Try it -
Copy each line below exactly.

Data extracted from a collection
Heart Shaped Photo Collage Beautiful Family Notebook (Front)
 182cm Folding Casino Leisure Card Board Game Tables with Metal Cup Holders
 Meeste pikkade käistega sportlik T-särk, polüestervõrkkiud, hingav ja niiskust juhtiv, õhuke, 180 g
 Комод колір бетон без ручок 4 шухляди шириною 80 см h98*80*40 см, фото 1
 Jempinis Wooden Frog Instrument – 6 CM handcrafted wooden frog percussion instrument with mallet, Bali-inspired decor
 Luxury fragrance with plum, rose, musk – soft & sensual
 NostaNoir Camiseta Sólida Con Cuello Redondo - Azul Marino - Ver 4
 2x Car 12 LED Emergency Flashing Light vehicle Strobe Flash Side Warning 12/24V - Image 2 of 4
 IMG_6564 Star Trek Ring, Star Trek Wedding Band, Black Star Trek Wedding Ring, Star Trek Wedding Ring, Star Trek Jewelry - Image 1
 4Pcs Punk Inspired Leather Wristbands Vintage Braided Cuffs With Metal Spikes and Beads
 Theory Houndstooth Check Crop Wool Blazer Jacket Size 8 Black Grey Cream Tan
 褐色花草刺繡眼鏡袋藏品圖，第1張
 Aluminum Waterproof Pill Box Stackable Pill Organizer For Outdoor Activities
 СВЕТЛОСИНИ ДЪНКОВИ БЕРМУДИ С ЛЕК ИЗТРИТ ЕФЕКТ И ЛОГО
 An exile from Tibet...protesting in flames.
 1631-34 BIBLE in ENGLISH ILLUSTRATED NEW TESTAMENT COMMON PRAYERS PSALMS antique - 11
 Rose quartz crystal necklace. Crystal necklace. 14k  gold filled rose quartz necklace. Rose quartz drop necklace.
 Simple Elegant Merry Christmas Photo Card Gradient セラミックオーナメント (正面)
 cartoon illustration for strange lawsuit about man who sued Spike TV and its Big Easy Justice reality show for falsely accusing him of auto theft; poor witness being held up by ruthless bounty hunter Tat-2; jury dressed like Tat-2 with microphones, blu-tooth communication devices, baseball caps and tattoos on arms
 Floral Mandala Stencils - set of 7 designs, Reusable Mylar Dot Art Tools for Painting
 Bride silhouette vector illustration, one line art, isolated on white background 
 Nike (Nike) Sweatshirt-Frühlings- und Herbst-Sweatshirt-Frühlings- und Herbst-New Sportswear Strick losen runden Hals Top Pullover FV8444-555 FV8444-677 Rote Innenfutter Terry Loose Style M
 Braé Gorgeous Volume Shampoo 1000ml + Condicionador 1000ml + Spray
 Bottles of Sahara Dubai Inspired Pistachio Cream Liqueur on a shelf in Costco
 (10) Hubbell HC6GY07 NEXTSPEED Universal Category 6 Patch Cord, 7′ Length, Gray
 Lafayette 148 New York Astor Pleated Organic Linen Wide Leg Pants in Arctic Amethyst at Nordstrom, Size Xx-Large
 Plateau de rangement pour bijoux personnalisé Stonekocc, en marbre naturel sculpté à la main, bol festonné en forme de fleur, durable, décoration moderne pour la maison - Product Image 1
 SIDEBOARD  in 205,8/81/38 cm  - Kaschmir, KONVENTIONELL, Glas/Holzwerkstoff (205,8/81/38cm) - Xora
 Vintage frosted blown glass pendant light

Written reply -
Heart Shaped Photo Collage Beautiful Family Notebook (Front)
 182cm Folding Casino Leisure Card Board Game Tables with Metal Cup Holders
 Meeste pikkade käistega sportlik T-särk, polüestervõrkkiud, hingav ja niiskust juhtiv, õhuke, 180 g
 Комод колір бетон без ручок 4 шухляди шириною 80 см h98*80*40 см, фото 1
 Jempinis Wooden Frog Instrument – 6 CM handcrafted wooden frog percussion instrument with mallet, Bali-inspired decor
 Luxury fragrance with plum, rose, musk – soft & sensual
 NostaNoir Camiseta Sólida Con Cuello Redondo - Azul Marino - Ver 4
 2x Car 12 LED Emergency Flashing Light vehicle Strobe Flash Side Warning 12/24V - Image 2 of 4
 IMG_6564 Star Trek Ring, Star Trek Wedding Band, Black Star Trek Wedding Ring, Star Trek Wedding Ring, Star Trek Jewelry - Image 1
 4Pcs Punk Inspired Leather Wristbands Vintage Braided Cuffs With Metal Spikes and Beads
 Theory Houndstooth Check Crop Wool Blazer Jacket Size 8 Black Grey Cream Tan
 褐色花草刺繡眼鏡袋藏品圖，第1張
 Aluminum Waterproof Pill Box Stackable Pill Organizer For Outdoor Activities
 СВЕТЛОСИНИ ДЪНКОВИ БЕРМУДИ С ЛЕК ИЗТРИТ ЕФЕКТ И ЛОГО
 An exile from Tibet...protesting in flames.
 1631-34 BIBLE in ENGLISH ILLUSTRATED NEW TESTAMENT COMMON PRAYERS PSALMS antique - 11
 Rose quartz crystal necklace. Crystal necklace. 14k  gold filled rose quartz necklace. Rose quartz drop necklace.
 Simple Elegant Merry Christmas Photo Card Gradient セラミックオーナメント (正面)
 cartoon illustration for strange lawsuit about man who sued Spike TV and its Big Easy Justice reality show for falsely accusing him of auto theft; poor witness being held up by ruthless bounty hunter Tat-2; jury dressed like Tat-2 with microphones, blu-tooth communication devices, baseball caps and tattoos on arms
 Floral Mandala Stencils - set of 7 designs, Reusable Mylar Dot Art Tools for Painting
 Bride silhouette vector illustration, one line art, isolated on white background 
 Nike (Nike) Sweatshirt-Frühlings- und Herbst-Sweatshirt-Frühlings- und Herbst-New Sportswear Strick losen runden Hals Top Pullover FV8444-555 FV8444-677 Rote Innenfutter Terry Loose Style M
 Braé Gorgeous Volume Shampoo 1000ml + Condicionador 1000ml + Spray
 Bottles of Sahara Dubai Inspired Pistachio Cream Liqueur on a shelf in Costco
 (10) Hubbell HC6GY07 NEXTSPEED Universal Category 6 Patch Cord, 7′ Length, Gray
 Lafayette 148 New York Astor Pleated Organic Linen Wide Leg Pants in Arctic Amethyst at Nordstrom, Size Xx-Large
 Plateau de rangement pour bijoux personnalisé Stonekocc, en marbre naturel sculpté à la main, bol festonné en forme de fleur, durable, décoration moderne pour la maison - Product Image 1
 SIDEBOARD  in 205,8/81/38 cm  - Kaschmir, KONVENTIONELL, Glas/Holzwerkstoff (205,8/81/38cm) - Xora
 Vintage frosted blown glass pendant light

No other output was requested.